Their personal style is about mixing different worlds together. Buezo, who is originally from New York, usually incorporates streetwear with vintage pieces — typically a T-shirt from Kids of Immigrants or another local brand paired with loosefitting jeans from a thrift store. Dennis, a Sacramento native, is all about subtle jewelry, usually complementing a distressed T-shirt and a pair of Dickies.

The Gender Chameleons of Echo Park

Ashley S.P., 31, and Jennifer Zapata, 34, shop owners of Género Neutral

Ashley S.P. and Jennifer Zapata may not be able to call LA their hometown, but the two friends share a mutual love of the city. They own Género Neutral, an Echo Park boutique featuring streetwear “in an ungendered presentation.”

The shop sells screen-printed T-shirts of its own design alongside wares from other local brands. The selection is of a piece with its mission to be a community hub for the city’s creative types.

For S.P. and Zapata, there are no rules when it comes to their style. Both like to play with gender expression, presenting more feminine one day, more masculine the next. S.P.’s signature look includes her botas, or cowboy boots, which she wears almost every day. Zapata loves a simple pair of tabi boots or thick Nike sneakers. It’s all in the duality.

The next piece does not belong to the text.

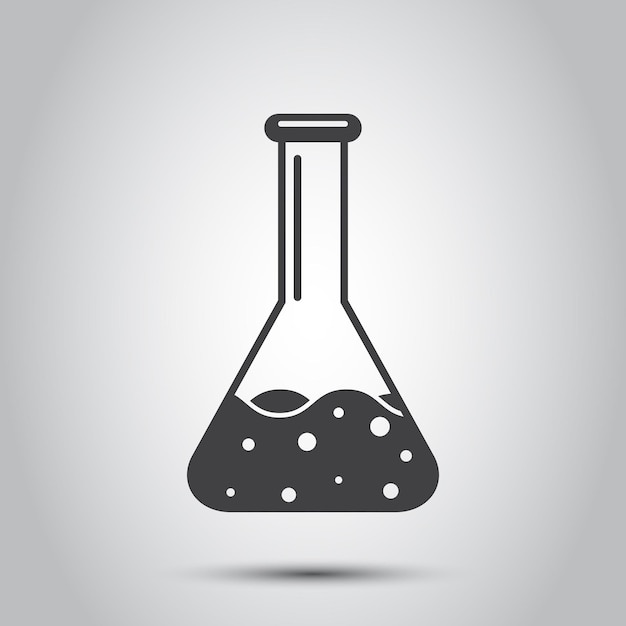 Icono de botella de laboratorio de ciencias en estilo plano Ilustración vectorial de equipos de vidrio de laboratorio en un fondo aislado Sello de tubo de ensayo concepto de negocio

“In LA, you can kind of be a chameleon in comfort and gender expression,” S.P. said. “There isn’t a very strict expectation of you wearing all designer or a friend’s brand. You can play in a really approachable way.”

Get Your Name on a Gold-Plated Necklace

Yesika Salgado, 39, poet

For poet Yesika Salgado, LA is not just a place to call home; it’s her muse. The two-time National Poetry Slam finalist grew up near Dodger Stadium, and her work explores the complexity of love and her relationship with the city. In “Casamiento,” which she wrote during a freezing winter in New York City, she tells Los Angeles: “I choose you in this life, in my parents’ lives and in the lives they left to bring me to you.”

Salgado’s go-to look rests on four staples: crop tops, hoop earrings, red lipstick and long acrylic nails. Her most prized possession is a gold-plated name necklace that was a birthday present from a friend.

“Almost anytime I’m ever photographed anywhere, I’m wearing it,” Salgado said.

“Because I feel like it’s like I graduated into like a fly girl, you know?”